▸ **EXERCISE BRIEF**:
Only the lines of the data below from the one with "Chalet en venta" through the one with "Часовник G-Shock casio" are wanted. Repeat them exactly.

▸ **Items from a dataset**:
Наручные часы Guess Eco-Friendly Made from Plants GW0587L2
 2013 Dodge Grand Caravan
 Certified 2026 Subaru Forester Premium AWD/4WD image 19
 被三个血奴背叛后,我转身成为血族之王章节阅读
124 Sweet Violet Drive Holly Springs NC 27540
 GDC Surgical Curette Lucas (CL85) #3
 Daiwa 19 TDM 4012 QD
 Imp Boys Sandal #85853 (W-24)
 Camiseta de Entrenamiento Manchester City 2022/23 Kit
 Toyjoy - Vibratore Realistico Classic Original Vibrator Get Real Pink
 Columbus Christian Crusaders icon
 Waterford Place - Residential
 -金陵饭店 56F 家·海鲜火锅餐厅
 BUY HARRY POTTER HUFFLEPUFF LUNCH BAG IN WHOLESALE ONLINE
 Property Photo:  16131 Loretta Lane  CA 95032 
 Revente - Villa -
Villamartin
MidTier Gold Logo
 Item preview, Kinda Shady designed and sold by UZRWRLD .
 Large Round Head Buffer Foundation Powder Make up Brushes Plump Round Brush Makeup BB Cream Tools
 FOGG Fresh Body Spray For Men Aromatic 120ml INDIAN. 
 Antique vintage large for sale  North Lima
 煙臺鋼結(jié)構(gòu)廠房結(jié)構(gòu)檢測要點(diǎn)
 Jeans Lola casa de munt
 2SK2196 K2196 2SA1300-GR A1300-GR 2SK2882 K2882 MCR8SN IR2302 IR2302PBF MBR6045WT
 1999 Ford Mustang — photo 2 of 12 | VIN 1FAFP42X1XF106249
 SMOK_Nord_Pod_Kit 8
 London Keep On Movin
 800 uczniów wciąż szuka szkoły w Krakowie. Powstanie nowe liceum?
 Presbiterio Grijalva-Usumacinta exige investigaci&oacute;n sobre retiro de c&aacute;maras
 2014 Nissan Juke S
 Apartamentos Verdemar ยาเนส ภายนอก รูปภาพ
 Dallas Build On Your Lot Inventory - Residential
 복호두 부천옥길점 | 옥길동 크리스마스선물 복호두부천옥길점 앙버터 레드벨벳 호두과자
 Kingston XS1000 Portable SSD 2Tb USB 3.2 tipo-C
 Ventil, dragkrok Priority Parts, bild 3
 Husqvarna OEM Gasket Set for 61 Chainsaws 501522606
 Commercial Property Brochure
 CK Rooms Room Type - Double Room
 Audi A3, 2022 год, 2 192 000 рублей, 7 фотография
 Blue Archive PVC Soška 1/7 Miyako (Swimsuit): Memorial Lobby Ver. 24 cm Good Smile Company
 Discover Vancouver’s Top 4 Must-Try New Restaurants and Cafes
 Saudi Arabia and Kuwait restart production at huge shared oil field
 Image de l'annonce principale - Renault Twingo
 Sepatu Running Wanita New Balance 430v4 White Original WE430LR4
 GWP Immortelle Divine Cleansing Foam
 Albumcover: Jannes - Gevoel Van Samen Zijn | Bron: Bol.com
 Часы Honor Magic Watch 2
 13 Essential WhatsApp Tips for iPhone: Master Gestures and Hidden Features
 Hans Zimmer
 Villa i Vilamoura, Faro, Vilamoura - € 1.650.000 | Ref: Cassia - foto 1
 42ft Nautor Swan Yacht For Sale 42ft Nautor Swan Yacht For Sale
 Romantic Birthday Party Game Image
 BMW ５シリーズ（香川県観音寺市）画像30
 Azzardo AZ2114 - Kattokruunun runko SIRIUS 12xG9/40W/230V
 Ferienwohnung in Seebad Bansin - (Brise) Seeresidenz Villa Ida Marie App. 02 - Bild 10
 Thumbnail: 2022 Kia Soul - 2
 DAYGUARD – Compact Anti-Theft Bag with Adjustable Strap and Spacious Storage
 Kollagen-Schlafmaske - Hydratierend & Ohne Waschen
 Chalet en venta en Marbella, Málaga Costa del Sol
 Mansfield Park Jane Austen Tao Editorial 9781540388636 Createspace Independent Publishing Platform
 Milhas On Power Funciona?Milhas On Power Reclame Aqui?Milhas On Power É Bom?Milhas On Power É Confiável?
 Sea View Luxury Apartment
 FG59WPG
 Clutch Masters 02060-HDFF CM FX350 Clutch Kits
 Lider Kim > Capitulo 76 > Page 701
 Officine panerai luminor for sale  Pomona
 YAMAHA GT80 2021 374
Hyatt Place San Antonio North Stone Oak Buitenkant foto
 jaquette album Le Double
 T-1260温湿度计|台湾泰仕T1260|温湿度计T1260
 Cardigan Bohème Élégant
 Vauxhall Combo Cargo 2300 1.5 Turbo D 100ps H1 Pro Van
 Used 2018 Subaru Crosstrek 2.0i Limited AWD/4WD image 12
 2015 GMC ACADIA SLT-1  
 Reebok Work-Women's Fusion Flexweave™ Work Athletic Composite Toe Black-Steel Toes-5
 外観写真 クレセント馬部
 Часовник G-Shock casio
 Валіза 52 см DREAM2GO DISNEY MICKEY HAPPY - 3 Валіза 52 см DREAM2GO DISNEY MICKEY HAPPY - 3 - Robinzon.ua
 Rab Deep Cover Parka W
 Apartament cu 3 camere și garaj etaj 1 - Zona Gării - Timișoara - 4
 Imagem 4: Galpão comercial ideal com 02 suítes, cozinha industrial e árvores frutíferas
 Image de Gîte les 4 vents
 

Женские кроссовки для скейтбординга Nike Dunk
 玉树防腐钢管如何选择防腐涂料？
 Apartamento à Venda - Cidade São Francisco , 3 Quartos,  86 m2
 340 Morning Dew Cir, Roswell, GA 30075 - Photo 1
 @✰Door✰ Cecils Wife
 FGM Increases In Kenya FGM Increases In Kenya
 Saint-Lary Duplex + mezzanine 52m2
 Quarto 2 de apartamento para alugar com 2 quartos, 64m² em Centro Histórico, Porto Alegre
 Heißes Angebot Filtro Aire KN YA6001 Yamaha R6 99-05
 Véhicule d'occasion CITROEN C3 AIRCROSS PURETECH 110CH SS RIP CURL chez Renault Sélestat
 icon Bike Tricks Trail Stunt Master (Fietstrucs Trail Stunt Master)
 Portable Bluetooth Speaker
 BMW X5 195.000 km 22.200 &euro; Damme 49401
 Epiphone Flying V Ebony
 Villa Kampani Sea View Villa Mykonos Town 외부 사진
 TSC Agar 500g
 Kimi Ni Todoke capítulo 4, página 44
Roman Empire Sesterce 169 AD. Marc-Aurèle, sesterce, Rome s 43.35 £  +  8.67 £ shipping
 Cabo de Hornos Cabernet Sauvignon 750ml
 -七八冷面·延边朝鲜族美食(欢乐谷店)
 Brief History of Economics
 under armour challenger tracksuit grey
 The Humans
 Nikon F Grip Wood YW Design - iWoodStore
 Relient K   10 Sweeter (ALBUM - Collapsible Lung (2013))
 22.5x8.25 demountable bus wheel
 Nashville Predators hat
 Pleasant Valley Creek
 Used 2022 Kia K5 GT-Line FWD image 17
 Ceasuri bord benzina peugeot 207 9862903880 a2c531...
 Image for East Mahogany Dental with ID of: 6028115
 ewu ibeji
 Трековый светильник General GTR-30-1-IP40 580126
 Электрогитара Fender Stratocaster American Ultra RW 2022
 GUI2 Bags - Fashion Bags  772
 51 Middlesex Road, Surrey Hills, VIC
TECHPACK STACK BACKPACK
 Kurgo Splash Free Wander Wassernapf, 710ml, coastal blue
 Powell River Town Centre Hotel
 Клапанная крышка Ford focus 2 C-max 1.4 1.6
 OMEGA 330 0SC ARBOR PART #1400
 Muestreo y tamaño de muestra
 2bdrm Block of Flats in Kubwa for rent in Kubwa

▸ **EXPECTED ANSWER**:
 Chalet en venta en Marbella, Málaga Costa del Sol
 Mansfield Park Jane Austen Tao Editorial 9781540388636 Createspace Independent Publishing Platform
 Milhas On Power Funciona?Milhas On Power Reclame Aqui?Milhas On Power É Bom?Milhas On Power É Confiável?
 Sea View Luxury Apartment
 FG59WPG
 Clutch Masters 02060-HDFF CM FX350 Clutch Kits
 Lider Kim > Capitulo 76 > Page 701
 Officine panerai luminor for sale  Pomona
 YAMAHA GT80 2021 374
Hyatt Place San Antonio North Stone Oak Buitenkant foto
 jaquette album Le Double
 T-1260温湿度计|台湾泰仕T1260|温湿度计T1260
 Cardigan Bohème Élégant
 Vauxhall Combo Cargo 2300 1.5 Turbo D 100ps H1 Pro Van
 Used 2018 Subaru Crosstrek 2.0i Limited AWD/4WD image 12
 2015 GMC ACADIA SLT-1  
 Reebok Work-Women's Fusion Flexweave™ Work Athletic Composite Toe Black-Steel Toes-5
 外観写真 クレセント馬部
 Часовник G-Shock casio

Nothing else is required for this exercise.